» **Brief**: All lines from the one containing "MagnaFlow Sys C/B Honda Civic 2001" through the end of the entries below should appear in the answer exactly, with no others.

Short descriptive text snippets

+--

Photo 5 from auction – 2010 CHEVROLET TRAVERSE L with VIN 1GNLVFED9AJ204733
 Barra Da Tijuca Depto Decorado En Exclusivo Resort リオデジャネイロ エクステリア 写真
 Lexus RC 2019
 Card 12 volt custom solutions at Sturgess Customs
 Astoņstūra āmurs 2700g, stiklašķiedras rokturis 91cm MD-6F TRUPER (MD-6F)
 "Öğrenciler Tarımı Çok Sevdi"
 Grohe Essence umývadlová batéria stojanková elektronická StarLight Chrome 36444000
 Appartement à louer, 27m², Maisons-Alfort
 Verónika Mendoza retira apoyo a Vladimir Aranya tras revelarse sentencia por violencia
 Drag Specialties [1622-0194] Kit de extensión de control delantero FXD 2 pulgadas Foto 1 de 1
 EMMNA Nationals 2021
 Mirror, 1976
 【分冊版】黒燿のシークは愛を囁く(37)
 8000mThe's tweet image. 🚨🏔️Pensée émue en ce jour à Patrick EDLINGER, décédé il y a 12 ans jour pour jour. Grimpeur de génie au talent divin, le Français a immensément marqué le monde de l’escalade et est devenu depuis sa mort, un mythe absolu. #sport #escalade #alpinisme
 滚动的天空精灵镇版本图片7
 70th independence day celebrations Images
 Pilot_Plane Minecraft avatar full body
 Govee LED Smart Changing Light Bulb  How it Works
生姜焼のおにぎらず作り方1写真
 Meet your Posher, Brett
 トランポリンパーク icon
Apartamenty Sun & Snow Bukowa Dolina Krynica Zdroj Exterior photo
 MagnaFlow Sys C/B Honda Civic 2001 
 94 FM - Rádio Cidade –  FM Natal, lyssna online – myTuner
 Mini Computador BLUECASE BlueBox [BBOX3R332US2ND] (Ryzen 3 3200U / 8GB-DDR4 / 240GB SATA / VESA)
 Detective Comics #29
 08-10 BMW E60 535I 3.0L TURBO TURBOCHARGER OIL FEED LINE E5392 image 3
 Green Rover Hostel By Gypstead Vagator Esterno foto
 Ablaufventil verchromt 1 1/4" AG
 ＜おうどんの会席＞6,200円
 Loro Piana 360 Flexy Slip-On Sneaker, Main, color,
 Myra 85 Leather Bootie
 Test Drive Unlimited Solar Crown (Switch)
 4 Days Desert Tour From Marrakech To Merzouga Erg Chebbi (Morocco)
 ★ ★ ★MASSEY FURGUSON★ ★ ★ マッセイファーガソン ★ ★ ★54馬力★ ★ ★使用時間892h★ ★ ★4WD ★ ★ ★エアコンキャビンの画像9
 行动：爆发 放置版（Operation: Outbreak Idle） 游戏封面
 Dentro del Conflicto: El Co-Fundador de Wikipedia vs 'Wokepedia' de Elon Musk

+--

» **Written response**:
 MagnaFlow Sys C/B Honda Civic 2001 
 94 FM - Rádio Cidade –  FM Natal, lyssna online – myTuner
 Mini Computador BLUECASE BlueBox [BBOX3R332US2ND] (Ryzen 3 3200U / 8GB-DDR4 / 240GB SATA / VESA)
 Detective Comics #29
 08-10 BMW E60 535I 3.0L TURBO TURBOCHARGER OIL FEED LINE E5392 image 3
 Green Rover Hostel By Gypstead Vagator Esterno foto
 Ablaufventil verchromt 1 1/4" AG
 ＜おうどんの会席＞6,200円
 Loro Piana 360 Flexy Slip-On Sneaker, Main, color,
 Myra 85 Leather Bootie
 Test Drive Unlimited Solar Crown (Switch)
 4 Days Desert Tour From Marrakech To Merzouga Erg Chebbi (Morocco)
 ★ ★ ★MASSEY FURGUSON★ ★ ★ マッセイファーガソン ★ ★ ★54馬力★ ★ ★使用時間892h★ ★ ★4WD ★ ★ ★エアコンキャビンの画像9
 行动：爆发 放置版（Operation: Outbreak Idle） 游戏封面
 Dentro del Conflicto: El Co-Fundador de Wikipedia vs 'Wokepedia' de Elon Musk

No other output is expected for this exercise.